# cnfast architecture

This document explains how `cnfast` turns a list of class values into a merged Tailwind class string, and why each layer is built the way it is. It targets contributors who want to change the hot paths without regressing speed or output parity. Read it top to bottom once; after that, each section stands alone as a reference.

`cnfast` is a dependency-free replacement for `clsx` plus `tailwind-merge` behind a single `cn` function. It matches their combined output exactly while running the uncached merge engine about 3.1x faster on the benchmark corpus. The speed comes from caching, integer interning, and allocation-free data structures, not from cutting features.

## Design principles

These principles decide most trade-offs in the codebase. When a change helps one and hurts another, the order below breaks the tie.

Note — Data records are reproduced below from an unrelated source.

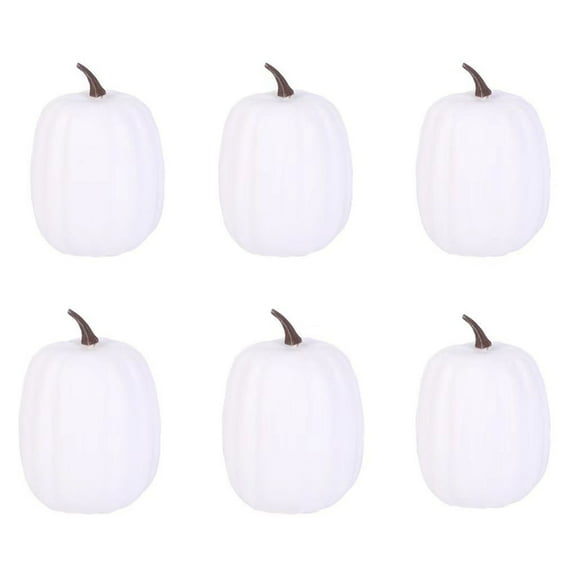 Pack of 6 Foam Artificial Pumpkin Halloween Artificial Craft White Pumpkin Garden Supply Desk Home Figures Decorations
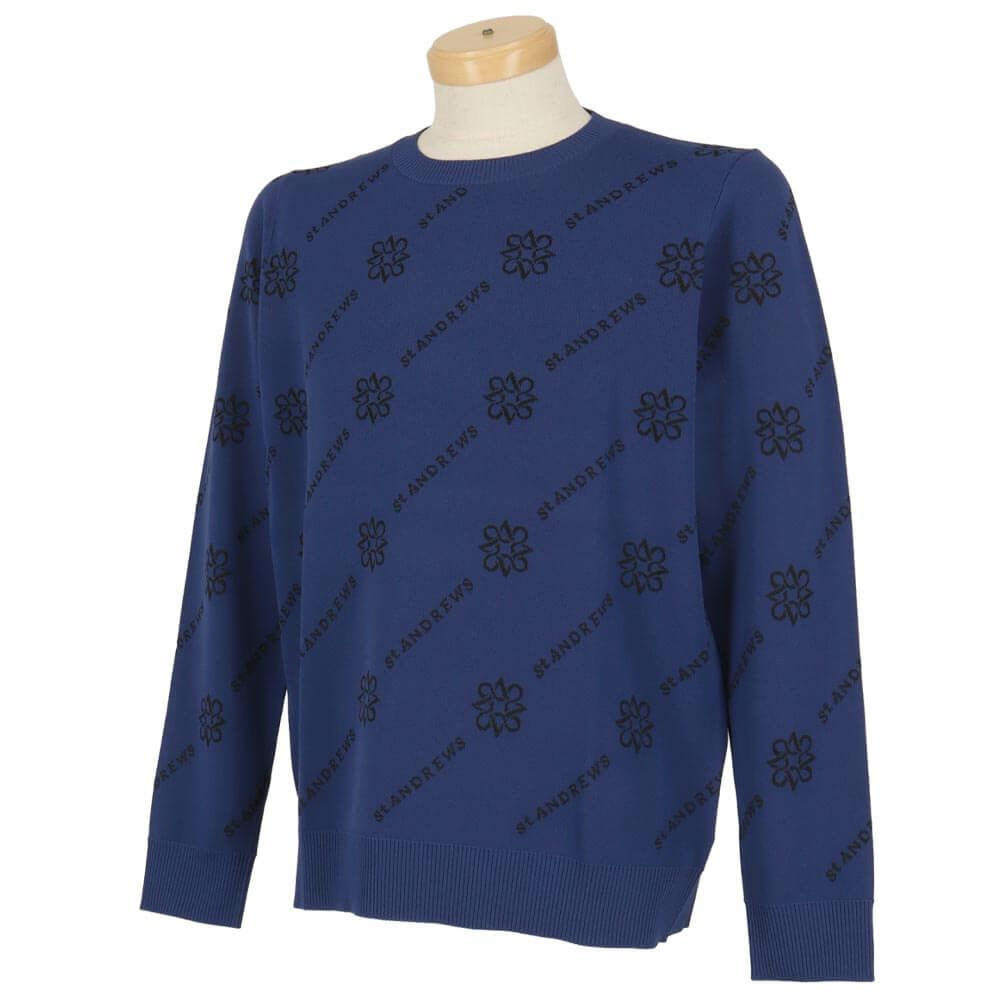 セントアンドリュース St ANDREWS　メンズ ロゴジャガード 長袖 クルーネック ニット プルオーバー 042-5270951　2025年モデル 詳細1 詳細13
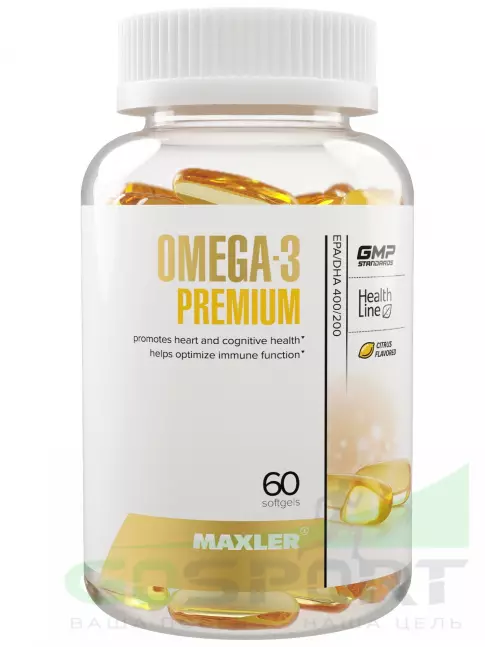Омега-3 MAXLER Omega-3 Premium 60 капсул Омега-3 MAXLER Omega-3 Premium 60 капсул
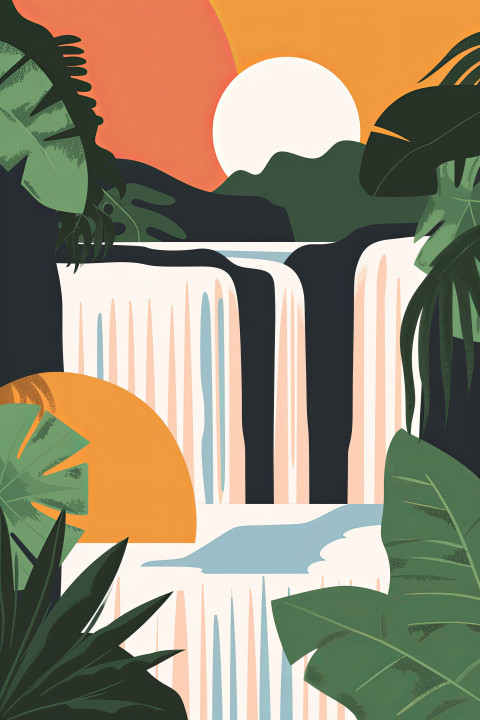 Minimal poster with abstract shapes forming a serene waterfall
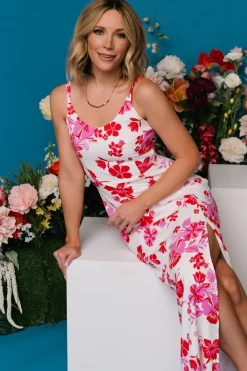 Baltic Born Emaline Open Back Maxi Dress | White + Pink Floral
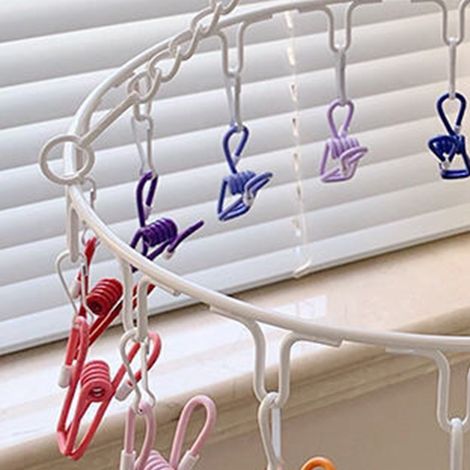 Étendoir à linge à pinces pour dortoir, séchoir circulaire anti-chute, multifonctionnel, couleurs bonbon, 16 pinces (1/4)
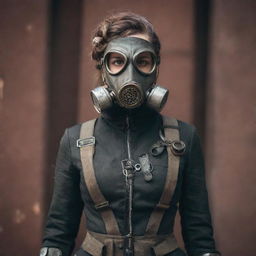 A woman outfitted in gaspunk fashion, featuring elements of gas masks, worn metals, smoky colors, and a dystopian, industrial charm.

- **Match `clsx` and `tailwind-merge` output exactly**: parity is the contract. A differential fuzz test compares `cn` against the real libraries on random input, so any divergence fails the suite.
- **Do the expensive work once, then cache it**: parsing a token, finding its class group, and computing its conflicts are deterministic. `cnfast` memoizes that result per token and reuses it across every call.
- **Allocate nothing on the hot path**: object literals, arrays, and `Set` instances created per call dominate the cost of a fast function. The merge loop reuses buffers and integer indices instead.
- **Keep object shapes monomorphic**: V8 optimizes call sites that always read the same object shape. Every parse and descriptor result flows through one factory with identical key order.
- **Stay dependency-free and tree-shakeable**: the `cn` bundle includes only the code it references. The bundler excludes anything a caller doesn’t import.

## How cn resolves a class string

`cn` is the composition of two independent layers: a join step and a merge step. The join step flattens your arguments into one space-separated string. The merge step removes Tailwind classes that conflict, keeping the last one.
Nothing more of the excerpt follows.